| 6:12 pm on Mar 3, 2012 (gmt 0)|
Thanks to all who have commented. One of the problems with going to work 'for the man' is that I don't get to Webmaster World nearly as often. WW is actually how I got introduced to AdSense in the first place, so yeah, I can say 'thanks a million' to the folks here at Webmaster World and really mean it. (One of my goals has been to some day make it to the WW home page, and now I've done it. Thanks a million!)
To all those who cast aspersions on my business model, I can forgive you because you haven't seen my business model. When someone throws large amounts of money at you for doing things a certain way, you don't turn it down because earning the money is not a reliable business model. You try to maximize profit and otherwise invest the money into other things, as I have done.
Great link, @Sgt_Kickaxe. Larry Page's speech really does explain a lot.
My site is what is now called an 'article directory' but it was around long before that term became popular. I've always called it a writers' community, and it still primarily serves that purpose. It's easy to see why my website could mistakenly be considered a 'content farm'. I consider most article directories content farms myself.

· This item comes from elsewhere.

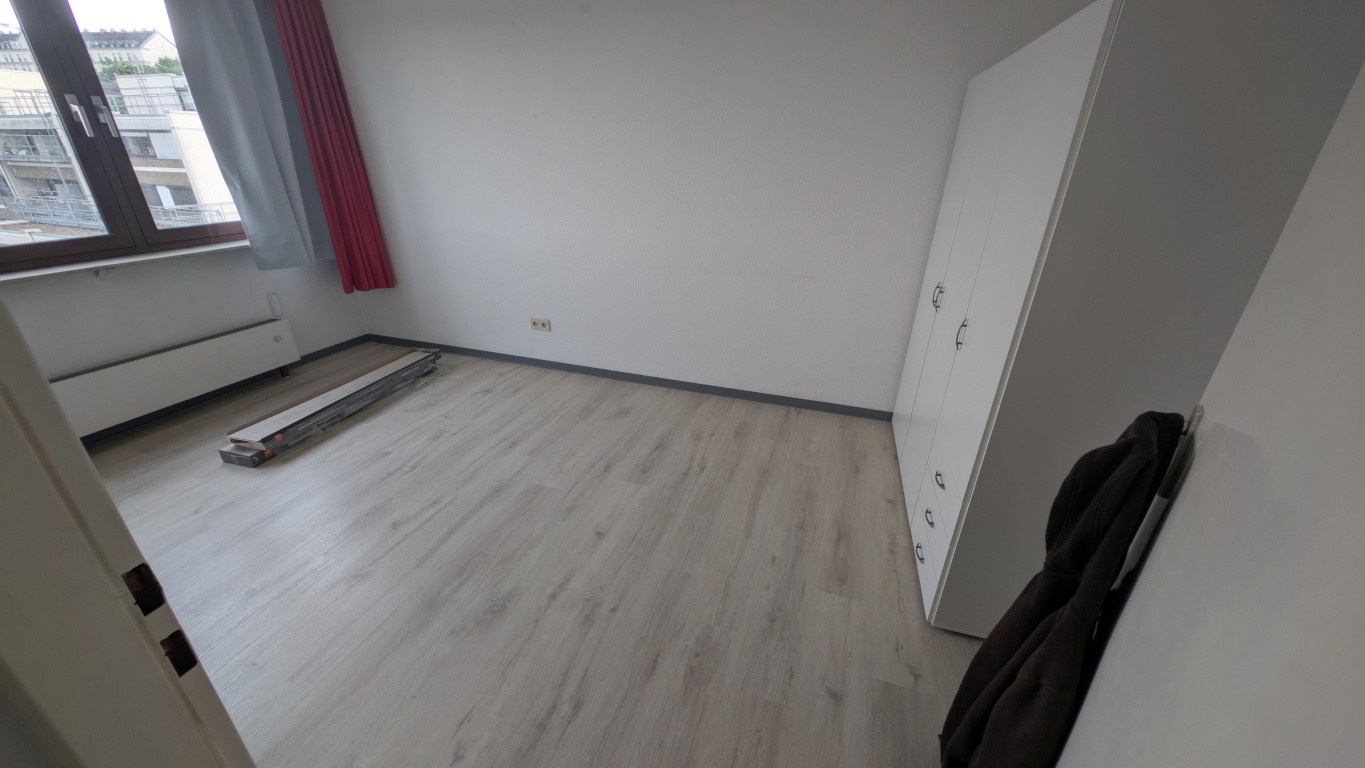 Mainz Apartment near Hbf and City centre (Ideal for couple) No furniture provided – Münsterstrasse 8, 55116 Mainz Altstadt – Vorschaubild 10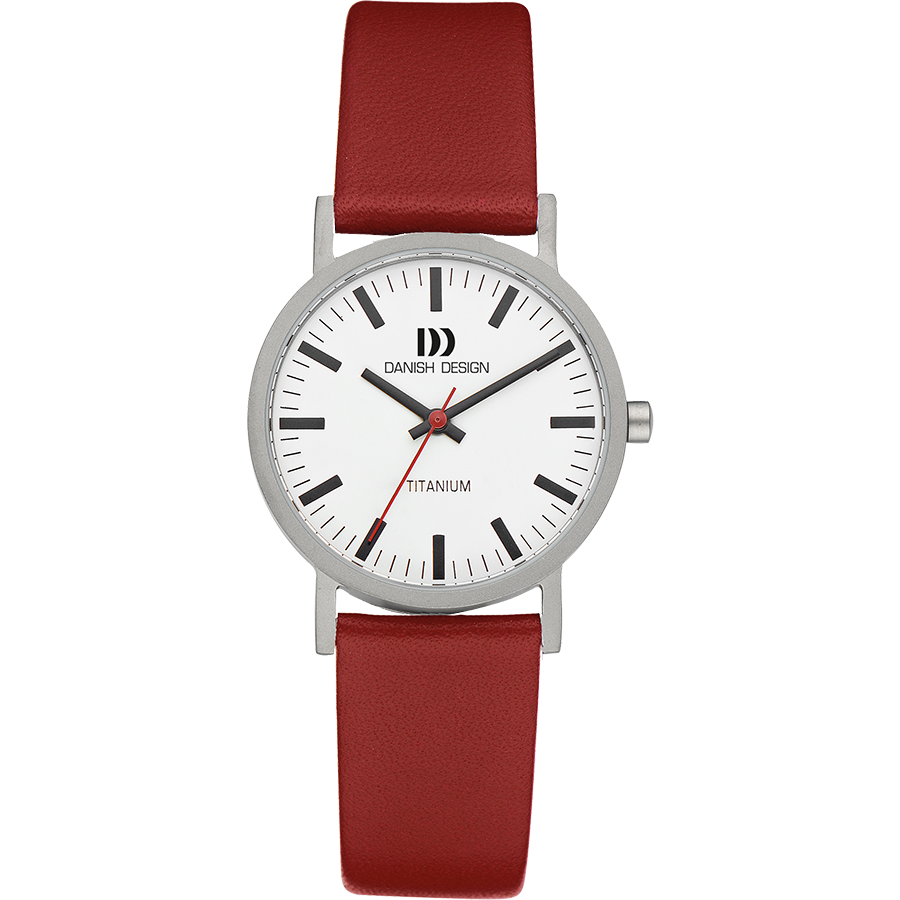 Rhine White Red Small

@skunkr, you are so right and perhaps this is the best take-away from my story. We webmasters who have fought from the trenches of everyday website development really do have in-demand talent, and Google can't take that away from us. In my case, I was feeling pretty beat-down when I decided to start looking for a regular job, but the very first person I contacted about a job hired me, at much better pay and with much better benefits than I expected. Today they consider me a guru of all things Internet. And I guess I am.
As my wife says, geeks rule!
| 7:19 pm on Mar 3, 2012 (gmt 0)|
|Interesting read, dvduval - thanks for sharing. Do you believe your site has good SEO, or at least is search engine-friendly? |
We are regularly in the top 10,000 according to Alexa, and #2 on Bing for our main keywords. I believe somehow Google's Pandarific algorithm is just missing something. It's really hard to say since there is no way to have a true analysis from someone in the know.
| 8:16 pm on Mar 3, 2012 (gmt 0)|
Hi there, dataguy:
again, congratulations on landing on your feet, and thanks for the insight about your site. and it is good to hear that you were smart with the money that google gave you.
It is sad, because the way you describe it definitely sounds like yoiur site adds value to your readers. By the way, was it geared toward a specific market segment? For instance, I know sites that are quite popular that are geared toward aspiring women writers, or ones that are geared toward aspiring sci-fi writers, and things like that.
Or was it more broad?
I ask not so much because I want to emulate your past success. I am thinking of having another project that is partly based on crowdsourcing, and am interested in AVOIDING the pitfalls that you encountered.
| 8:27 pm on Mar 3, 2012 (gmt 0)|
just a thought - some were 'hit' by panda - lost business, etc... - and loads of posts here on WW about it. BUT someone got those 'sweet' spots on rankings and making a happy living now - but we dont hear much about 'postpanda' success stories. Anyone to shear?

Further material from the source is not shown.